6.  Bottle Opener.  It sounds simple, but a good bottle opener is a must for any beer geek, and an overlooked tool for the drinking trade.  Choose an opener that has heft and leverage, as it will be required to open wine bottle-size beer bottles.  Local breweries and a quality beer or liquor store are sources for openers, but other cooking stores should carry suitable ones, too.  I get far more use out of my two dollar Ballast Point key chain bottle opener than I ever thought I would.
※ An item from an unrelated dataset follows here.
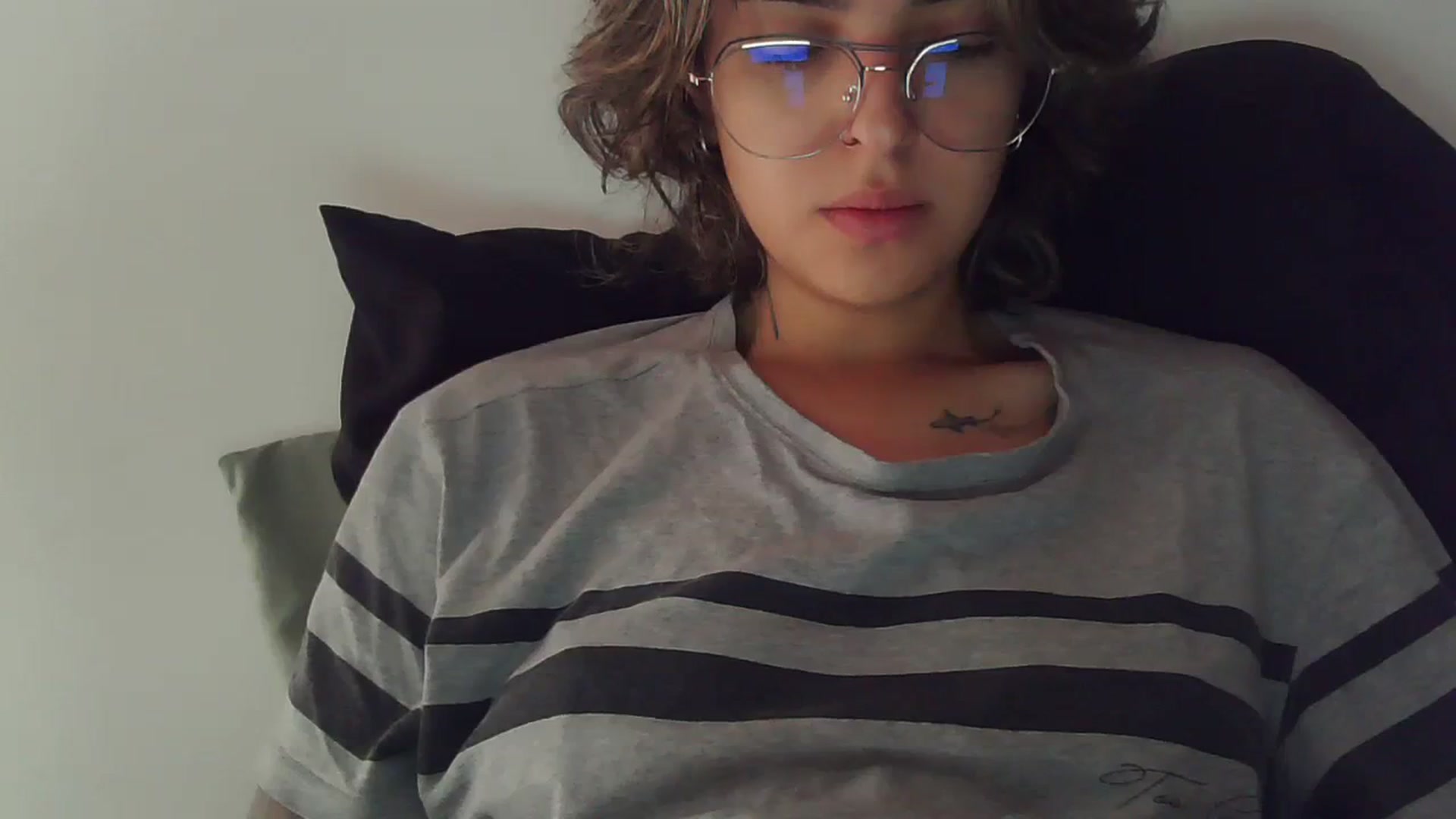 Gallery image thumbnail from fionacarter's myfreecams stream on, 09/16/2023, 15:19 image 14 of 20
Keep your beer gift search simple.  Beer does not lend itself to over thinking.  The beer geek is typically an appreciative person, despite the snooty attitude towards beer, and will enjoy any extra effort to indulge their habit.

Monday, December 15, 2014

An Arched London Beer Quest

One of my goals on a trip to London last summer was to visit a craft brewery - in an arch.  I wanted to either hit Partizan Brewing or The Kernel Brewery, which are located close to each other in Victorian-era railroad archs in the Bermondsey area of London  Breweries in London are typically only open for select hours on Saturday, which limits visiting options.   I left my family along the Thames and pledged to be back from my brewery tour in an hour.  By the time I started walking southeast from London's Tate Modern, Kernel had closed so I knew my destination was Partizan.  I soon realized it was a much longer walk to Partizan than it looked like on Apple and Google maps, and that to maximize my short hour I had to catch a cab.  I was already in a non-touristy section of London, so it took me a few minutes before I was able to find a cab.
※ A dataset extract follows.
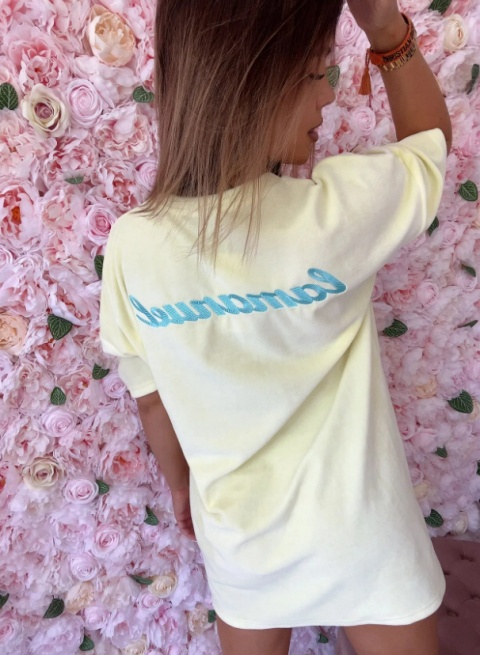 Obszerny t-shirt sukienka ESSENCE bananowy - LA MANUEL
I gave the cabby Partizan's address, 8 Almond Road.  He did not know it and he proceeded to drive off in the opposite direction from which I was walking.  I was aware of the "Knowledge," the four-year, on average, test process to become a London cabby, which requires memorization of nearly all London streets, alleys, parks, theaters, clubs, hotels, restaurants, basically any where someone would want to go - but I had studied Partizan's location and knew he going the wrong way.  I waited a few blocks before speaking up in the hope he was going to make a quick turn or knew some secret cabby short cut, but that was not happening.  He was incredulous, but agreed to reverse course.  I told him 8 Almond Road housed a new craft brewery, and it was located in a railway arch.  This news perked him up and he started the quest for Partizan in earnest.  He said he liked the "new" beers, they were what he drank, so it gave him a new sense of determination to find Almond Road.  I told him I was not going to be the only American seeking these "new" breweries squeezed into railway arches.
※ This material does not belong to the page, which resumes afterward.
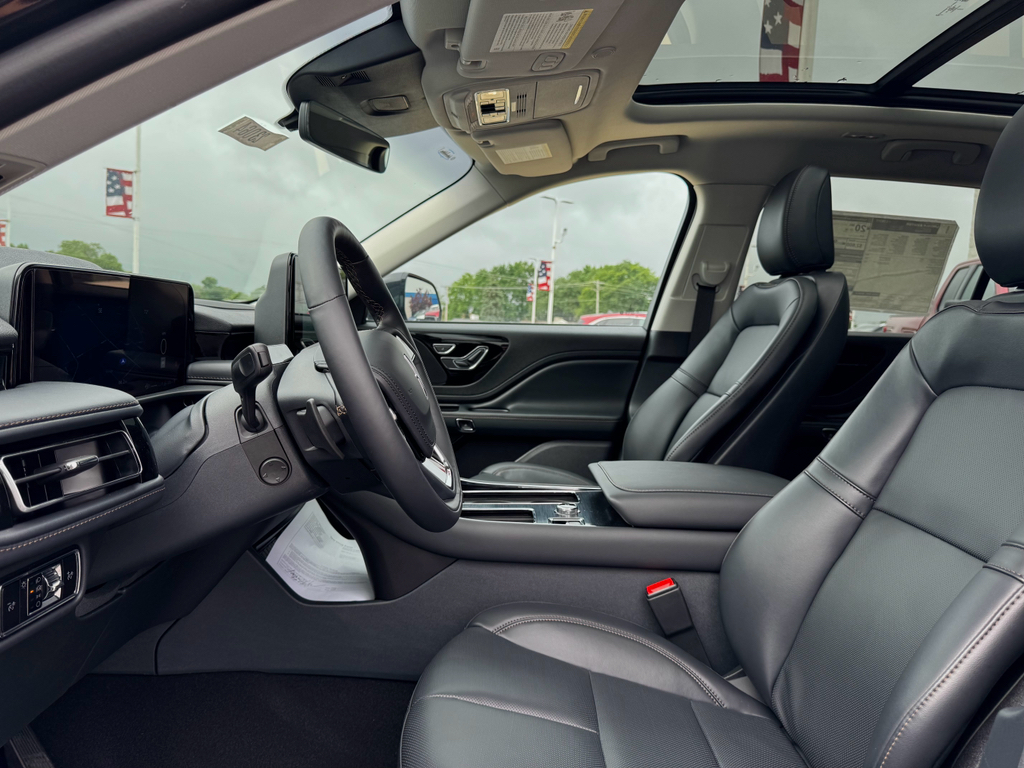 Vehicle image 19 of 41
We saw a group of men walking and the cabby pulled over and asked them if they knew of Partizan.  They said they were looking for it, too, but were not sure of its location.  A solidarity in purpose but not much help with directions, so we drove on.   At the next stop sign I recognized a downtrodden pub I had seen on Google Street View that was near the entrance to Almond Road.  Eureka!  Like solving a puzzle, all the pieces fell into place:  the high street, the pub, the elevated brick railroad with its arches, and finally the road that ran parallel to the tracks - Almond Road (picture above).

That part of London did not look like it saw too much cab traffic, so I asked the cabby as he was dropping my off if he could come back in about thirty minutes.  He scoffed, telling me he could be anywhere in the city in thirty minutes.  He said I should not have any problem getting a cab, of which I was doubtful, and was on his way.   

Almond Road is about one hundred yards long- really just a driveway or service road - not a proper road - which parallels the elevated train tracks.   At the end of truncated Almond Road I saw a familiar crowd - mainly young men, many with beards, a disproportionate number of flannel shirts for an August afternoon, along with a few old guys and several women - the unmistakable, international signs of a craft brewery.  It was a quiet, eclectic crowd, nearly all standing as the few tables and benches were full.  The line for beer was consistently long, and the Partizan employees were doing their best to keep the line moving.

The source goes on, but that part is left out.